I am listening to the soundtrack for Calvary as I write this. There are few movies for which I enjoy the soundtrack as much as this one. It is haunting, moving, and beautiful.
The movie, for me, was a mixed bag. It stars Brendan Gleeson as a Catholic priest who maintains a parish on a costal town in Ireland. Gleeson's performance was magnificent.
Calvary sets up the tension early. The opening scene is in a confessional. The confessor informs the priest that it his intention to kill him at the end of the week. The confessor explains the sexual abuse that was done to him by a priest as a child. He has no desire to kill a bad priest. He wants to end the life of a good and innocent priest so he may take from the church as the church took from him. He gives the priest the week to put his affairs in order.

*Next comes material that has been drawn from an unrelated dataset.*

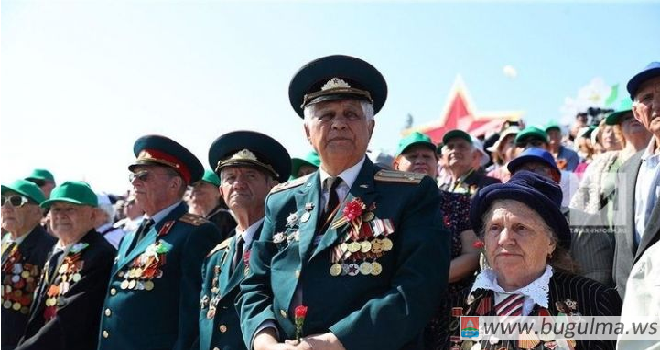 Более 800-т ветеранов ВОВ Бугульмы получат единовременные выплаты в связи с 75-летием Победы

Gleeson's priest, rather than protecting himself or going to the police, goes on about his priestly duties. We spend the week with him as he interacts with his parishioners and walks with his visiting, suicidal, daughter. We learn that the priest entered the order as an older man, following the death of his wife.

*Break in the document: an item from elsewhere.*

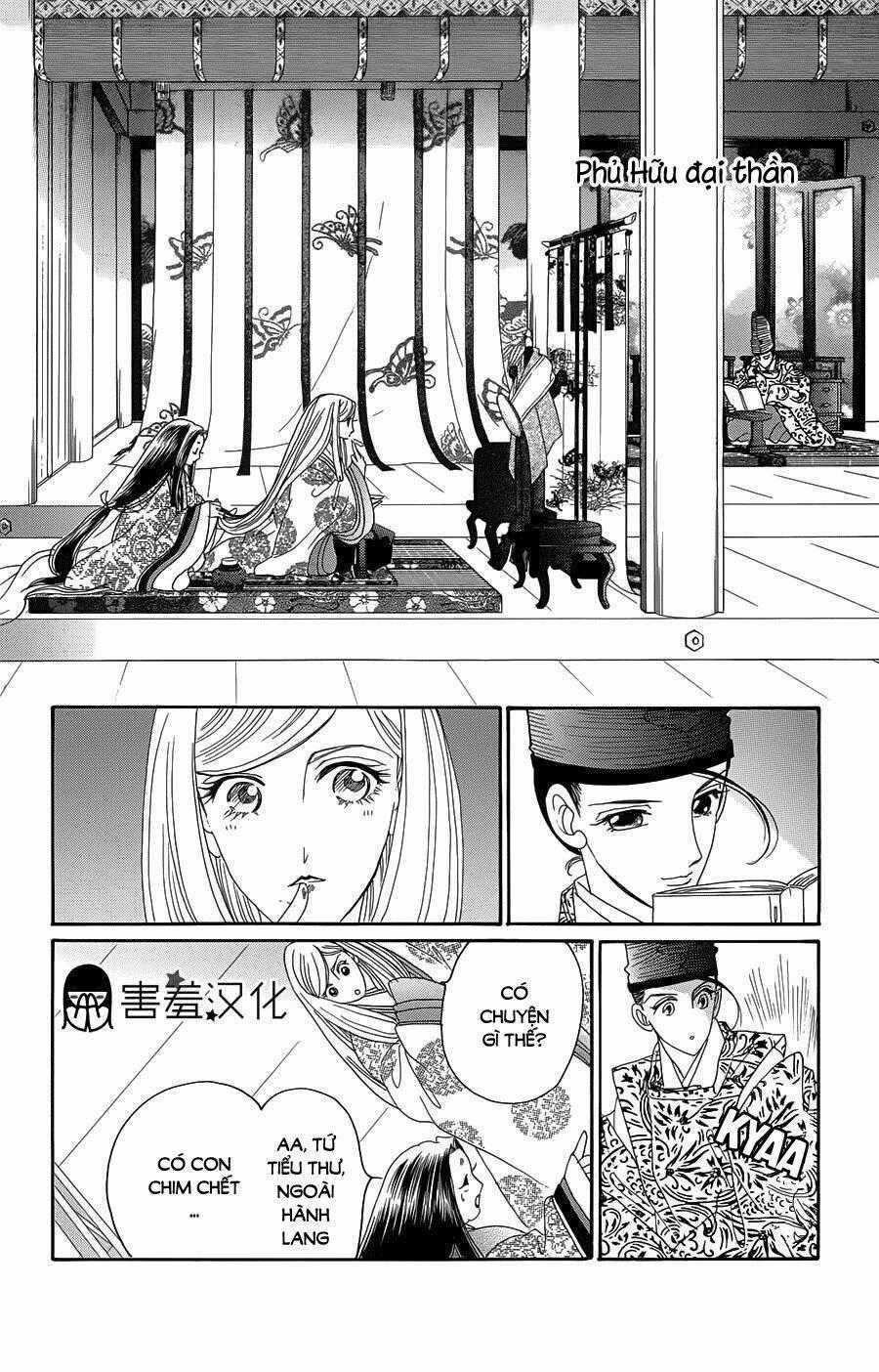 Torikae Baya Chapter 10 trang 1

All of this takes place in beautiful settings. The film work is wonderful. The dialogue is engaging. The music is exceptional.
But Calvary has a substantial weak spot.
The townspeople and his parishioners. They were all just... well, awful. By that I mean that none of the characters had likeable qualities. They were all broken people... but they were broken without any depth. There was nothing there with which to empathize. For all of the fullness of Gleeson's priest, those he dealt with were caricatures.
This is a painful movie. I was not satisfied, but it made me think... and I am still pondering.
Go see it... but once will probably be enough.